> **Assigned task**:
Could you transcribe all the entries exactly, omitting the pictures?

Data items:
──────────────────────────────

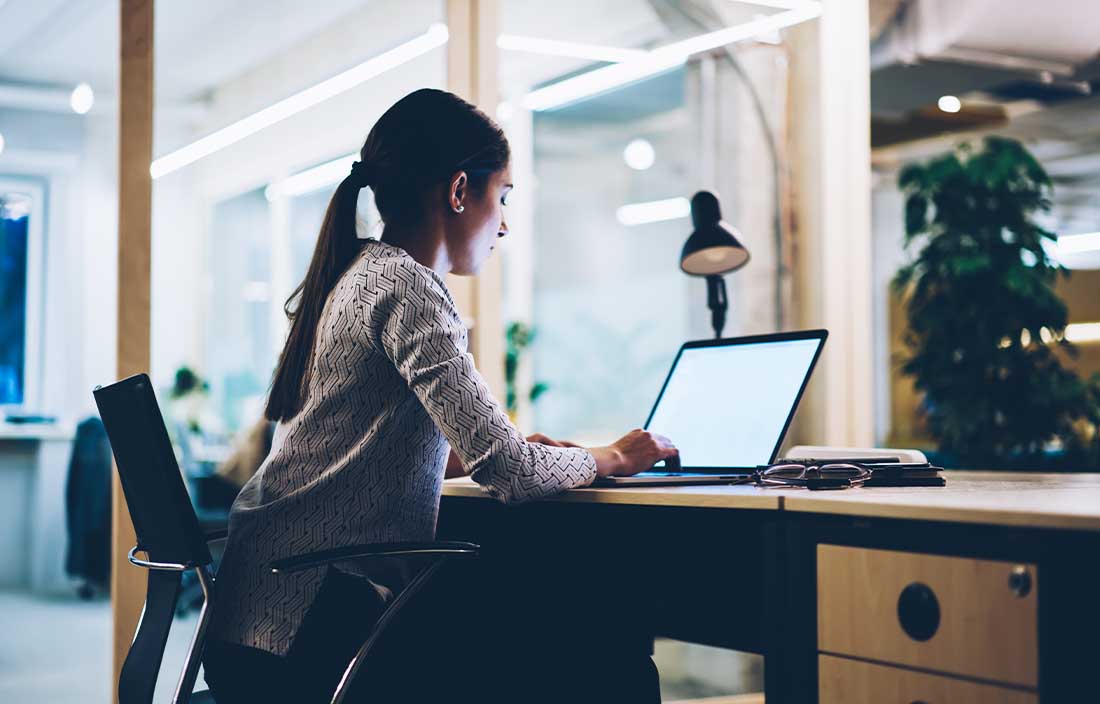 Person sitting at desk looking at a computer with consumer sentiment data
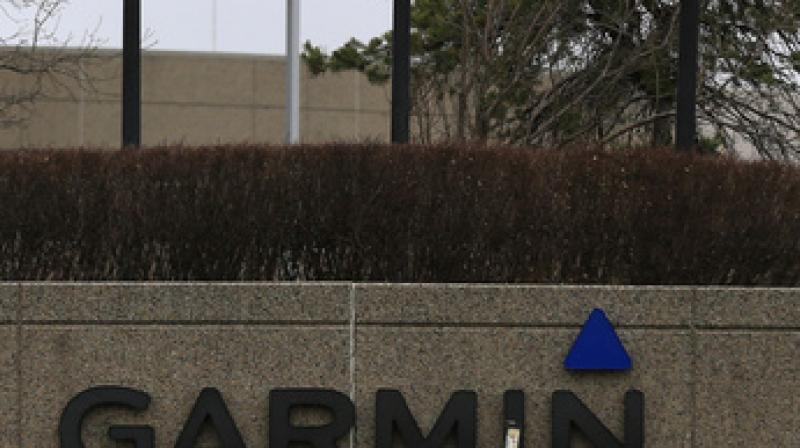 Flags are at half staff at Garmin headquarters Olathe in Kansas. (Photo: AP)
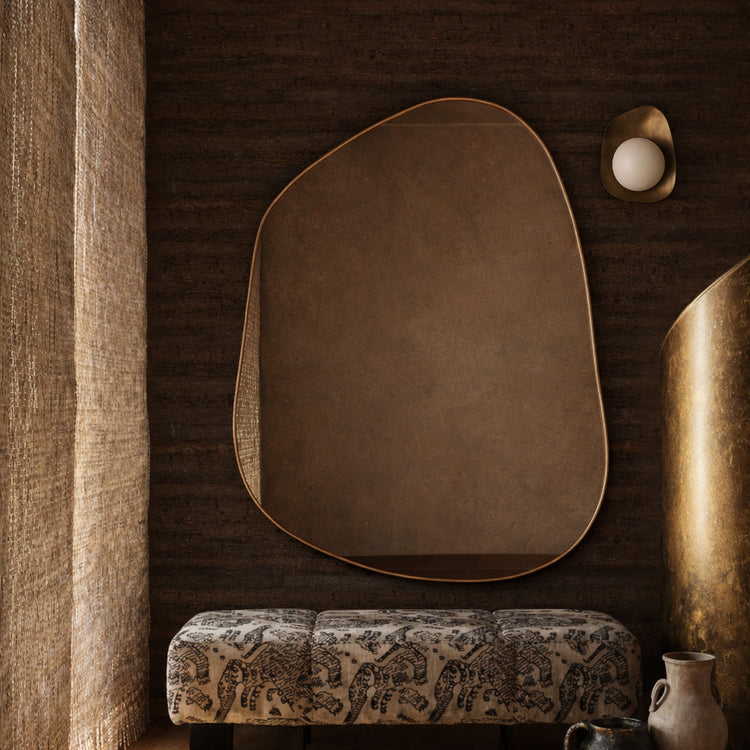 Irregular-shaped wall mirror mounted above a patterned upholstered bench beside decorative vases and sculptural elements.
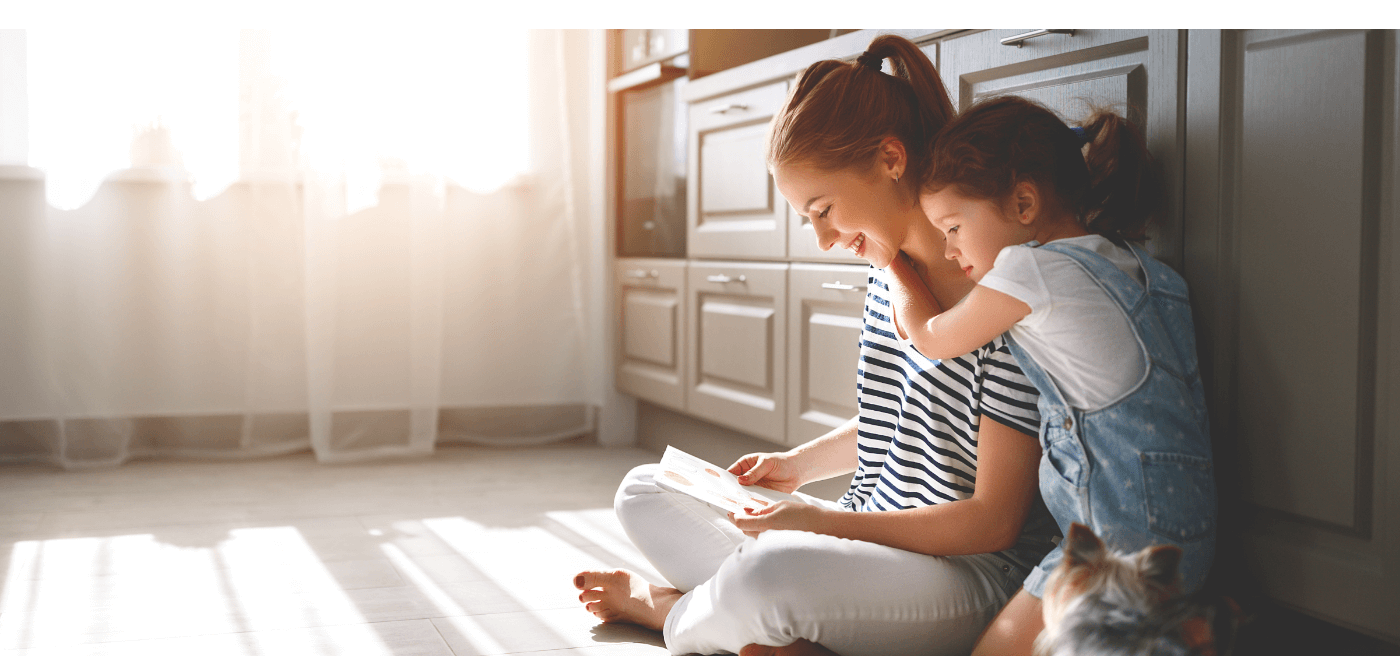 Mother and daughter sitting on floor of kitchen while reading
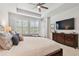 Main bedroom with shuttered windows, a TV, a ceiling fan, and an open view to the bathroom at 4918 Lakeshore Oaks Ct, Tampa, FL 33624
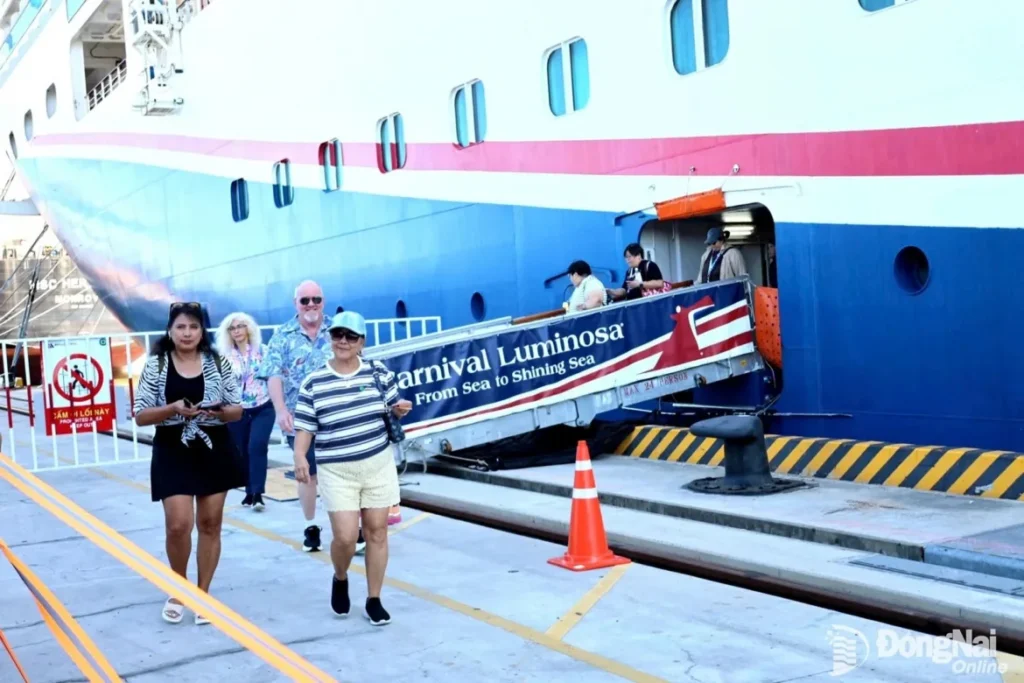 Cruise passengers walk down the gangway from the Carnival Luminosa.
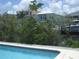 Stunning waterfront view with access to docks, set against the backdrop of lovely homes at 4673 Dewey Dr, New Port Richey, FL 34652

──────────────────────────────

> **Answer below**:
 Person sitting at desk looking at a computer with consumer sentiment data
 Flags are at half staff at Garmin headquarters Olathe in Kansas. (Photo: AP)
 Irregular-shaped wall mirror mounted above a patterned upholstered bench beside decorative vases and sculptural elements.
 Mother and daughter sitting on floor of kitchen while reading
 Main bedroom with shuttered windows, a TV, a ceiling fan, and an open view to the bathroom at 4918 Lakeshore Oaks Ct, Tampa, FL 33624
 Cruise passengers walk down the gangway from the Carnival Luminosa.
 Stunning waterfront view with access to docks, set against the backdrop of lovely homes at 4673 Dewey Dr, New Port Richey, FL 34652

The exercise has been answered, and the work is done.